Management Madness in the NHS

This government’s failure to improve public services is perhaps most obvious in its many bungling attempts to reform our national health service. When looking for evidence of our leaders’ catastrophic mismanagement of the NHS, you’re spoiled for choices. A recent report comparing survival rates for conditions like cancer and strokes estimated that if we could just reach the level of comparable European countries, over 17,000 deaths a year, almost fifty every single day of the year, could be avoided. Then there are about 6,000 people a year dying from hospital-acquired infections – the number would be just about 120 if we matched the performance of some other advanced European countries. On its website, the NHS admits that around 34,000 people die unnecessarily in our hospitals each year and an additional 25,000 are unnecessarily disabled. But whatever your choice of figures, the only conclusion you can reach is that although this government has more than doubled healthcare spending from about £45 billion to £105 billion a year, death rates in Britain are still massively above where they should be.

One striking feature of this government’s approach to reforming the NHS has been the extraordinary amounts of money that have been squandered on building a new managerial class, most of whom have absolutely no healthcare training. The number of managers and senior managers in the NHS has shot up from around 20,000 in 1997 to about 40,000 today. We now have 5,000 more managers than we have medical consultants (34,900). Just in the year 2008, when the recession had already started, the number of managers in the NHS went up by around ten per cent while the number of medical staff only increased by about two per cent. There are various reasons for this almost obscene spawning of bureaucrats.

One is the government’s obsession with poorly-thought-through target-setting, meaningless reports, unnecessary form-filling and unproductive box-ticking. Another is that managers are often uncomfortable dealing with highly-trained medical staff, so they surround themselves with other managers and live in their own little world, all holding important meetings with each other where they can speak management gobbledegook and think up new and exciting initiatives. In most hospitals today you’ll find directors of strategy, of communication, of planning and development, even marketing directors. Naturally, they all feel they need offices full of secretaries and subordinates busily writing reports and attending meetings and going to training on teamwork and all sorts of other superfluous rubbish that has nothing to do with improving the quality of care delivered by the NHS.

Not only have the numbers of managers shot up, so have their salaries compared to most frontline medical staff like nurses and midwives.
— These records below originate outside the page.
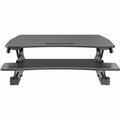 Lorell Gas Lift Monitor Riser, Black, LLR99553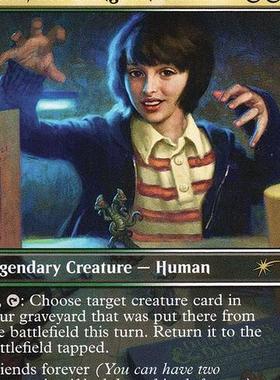 万智牌 Mike, the Dungeon Master 英文 平/闪 Secret Lair SLD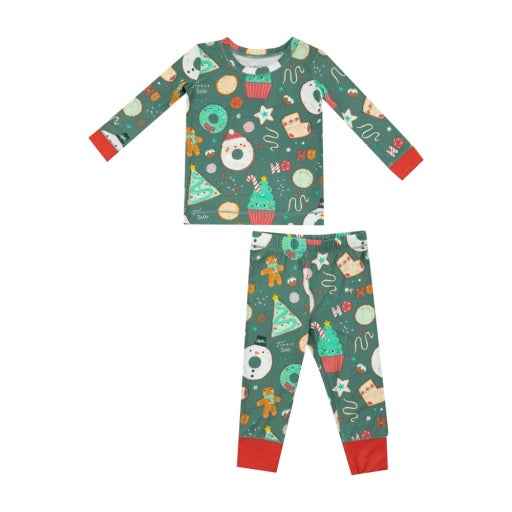 Christmas Treats Loungewear Pajama Set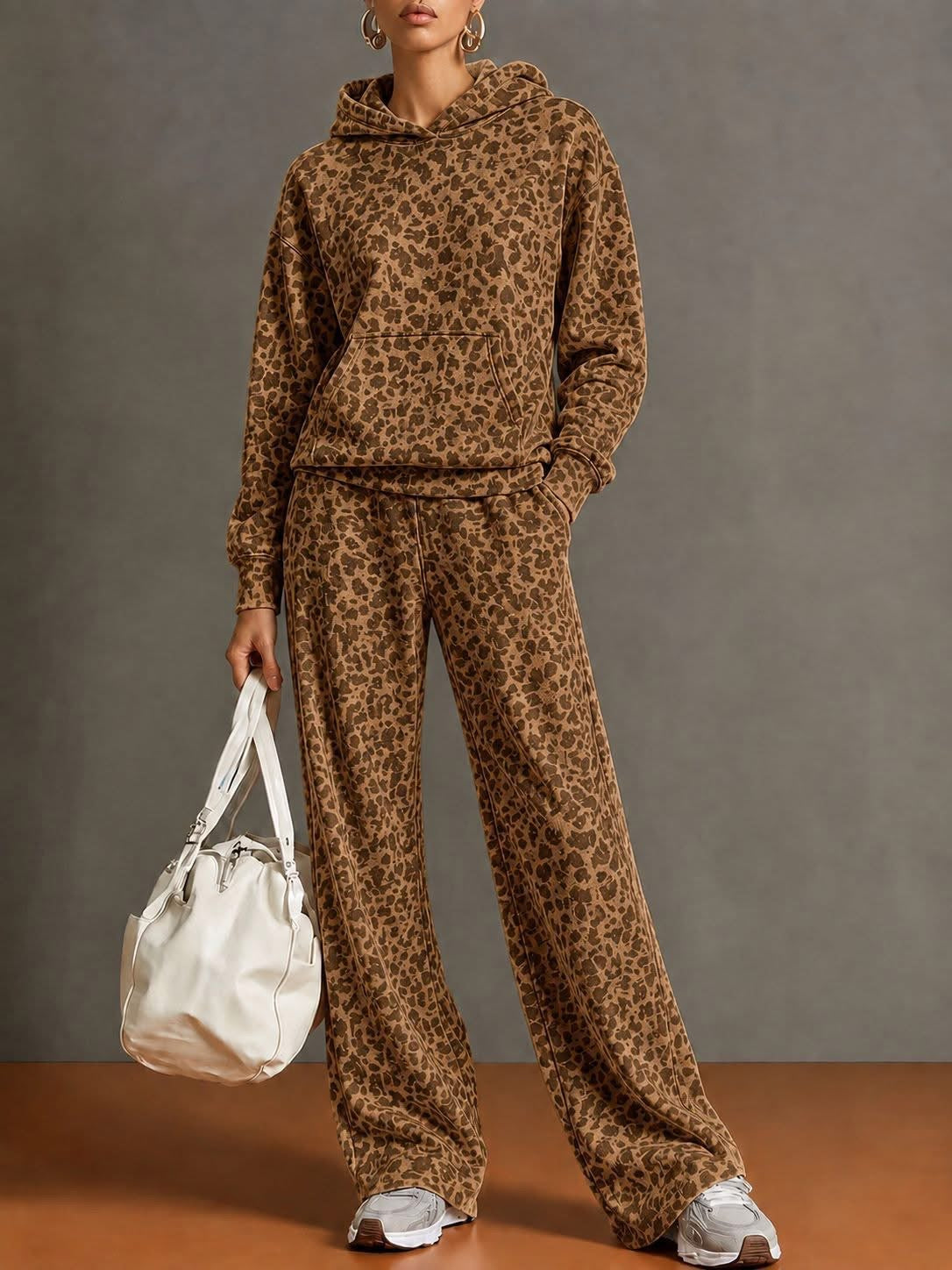 Leopard Lounge Set Closes 9/20/26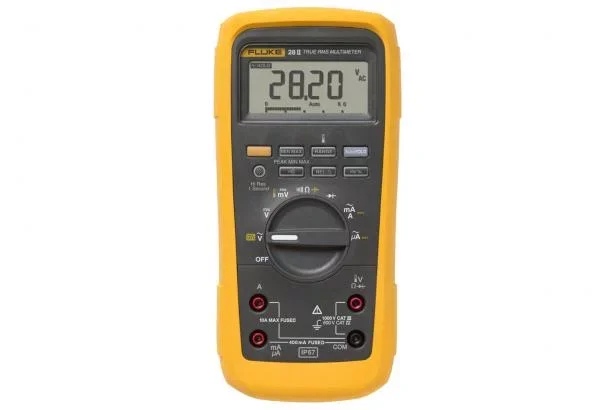 Multímetro digital Fluke 28II/EUR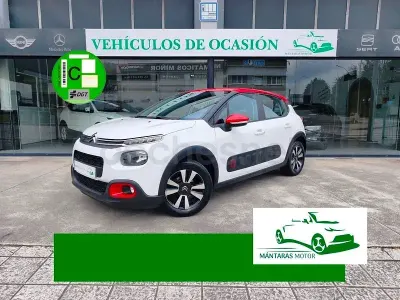 Brugt Citroën C3 Feel 83 HK (61 kW) 2020 Hvid Hatchback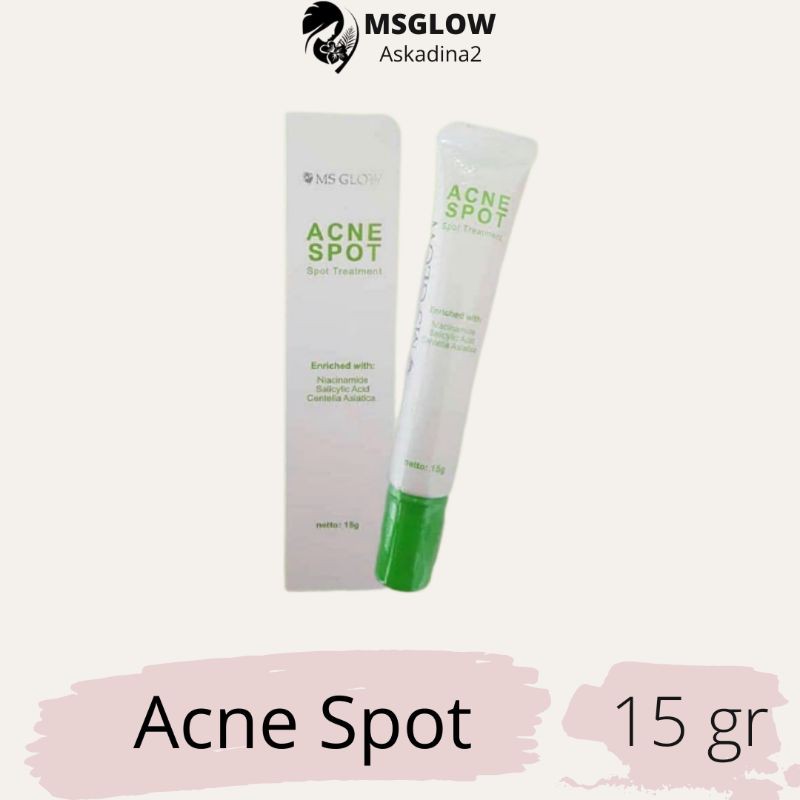 acne spot ms glow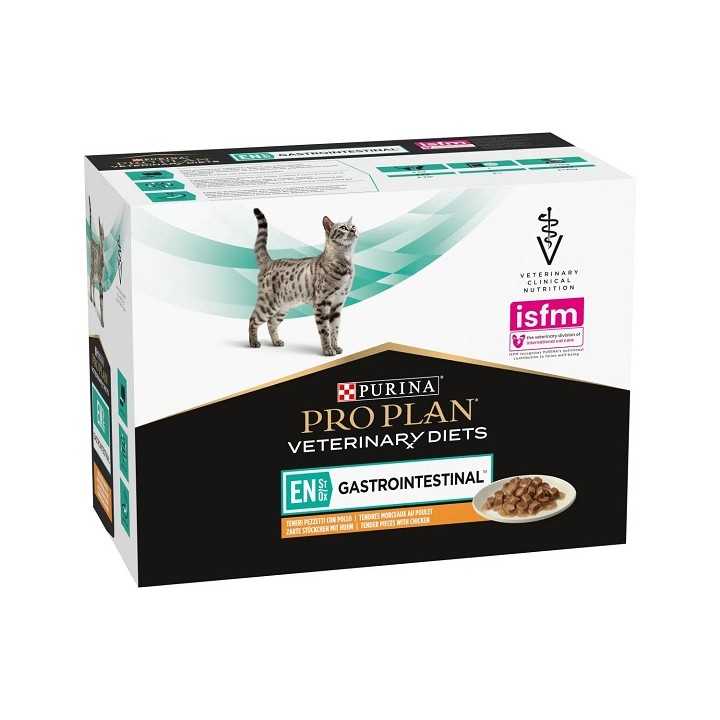 Purina Pro Plan Cat En Gastrointestinal Pollo 85 Gr.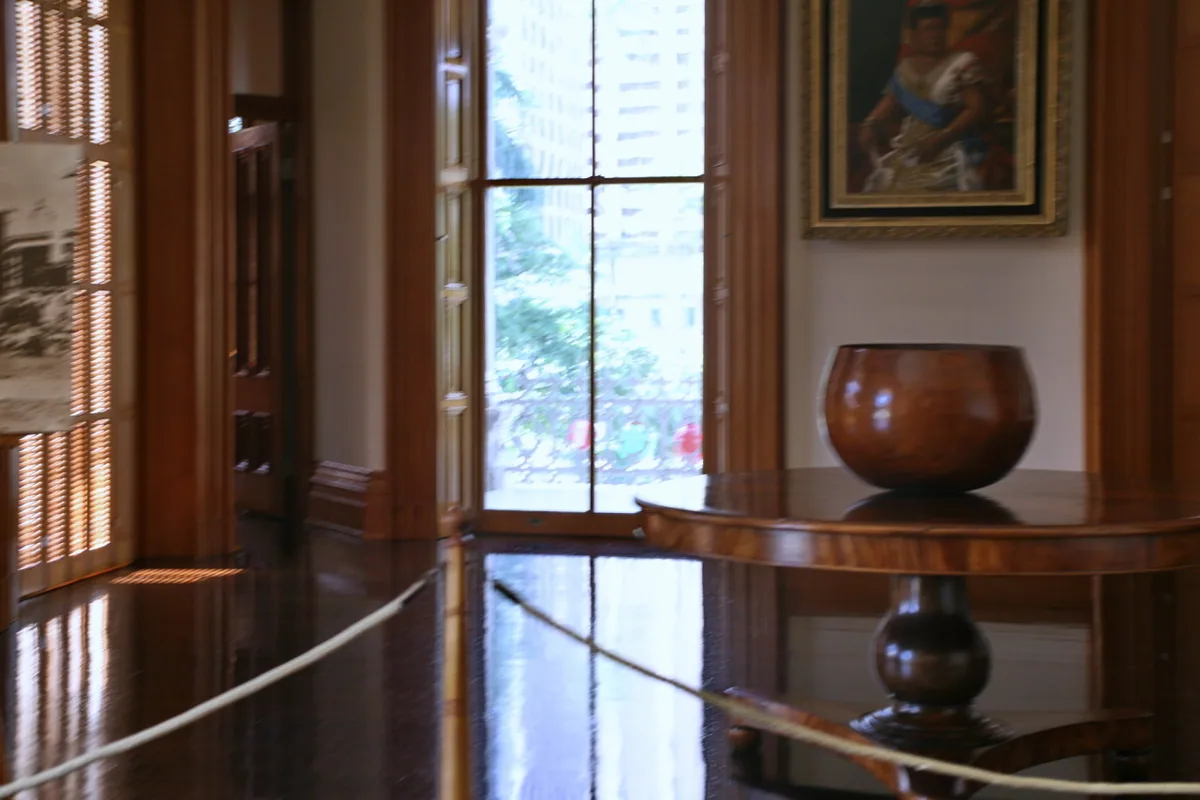 Liliuokalani's Imprisonment Room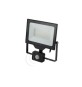 PROIETTORE LED C/SENSORE 50W 4000K NERO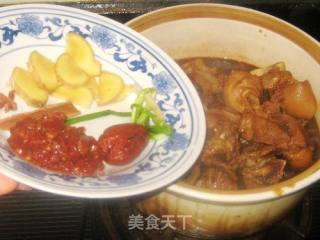 Lamb and Taro Claypot recipe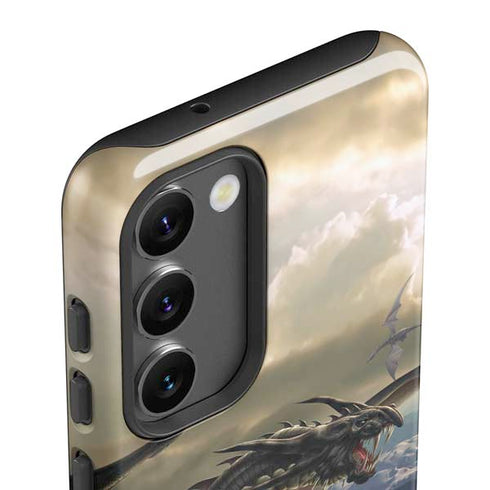 Tom Wood Rogue Dragon Galaxy S23 Plus Pro Case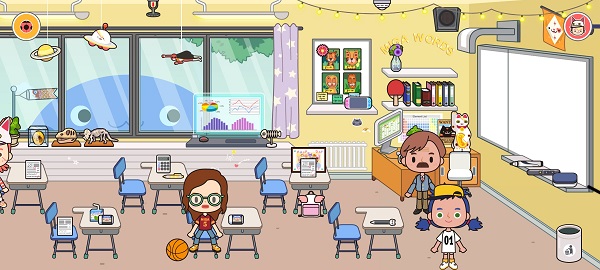 米加小镇学校官方版(Miga School)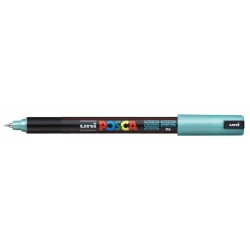 Posca PC-1MR Marqueur de Peinture - Pointe Roller en Fibre 0.7mm - Encre Pigmentée à Base d'Eau - Résistant à la Lumière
The average NHS Medical Keyboards salary of a NHS trust chief executive is now over £158,000 a year, more than double the 1997 level. Moreover, with this salary comes early retirement with a tax-free lump sum of up to £240,000 and an inflation-linked pension of over £70,000 a year. All the plethora of finance directors, marketing directors, strategy directors and communication directors will be getting similar enviably large pay and benefits packages. The increased cost to the NHS of these extra 20,000 managers is over £3 billion a year and they are a massive and unnecessary drain on NHS resources. If we could just get back to the level of management of 1997, the NHS would have an extra £10 million every single day to spend on medicines and patient care.

Yet while the managerial population is growing, the number of hospital beds the increasing army of managers have to manage has been falling – from about 250,000 in 1997 to less than 180,000 now. Where we once had 12.5 beds per manager, we now have 4.5. Just this statistic alone should make our government hang its head in shame. But quite the opposite is happening – the numbers of beds keeps on falling while the number of managers just keeps on growing. Then, of course, we should not forget the £600 million a year or so being spent by the NHS on management consultants, a cool £15,000 per manager, just to tell all these managers how to do the jobs we already pay them for doing. This situation is so farcical you almost couldn’t make it up.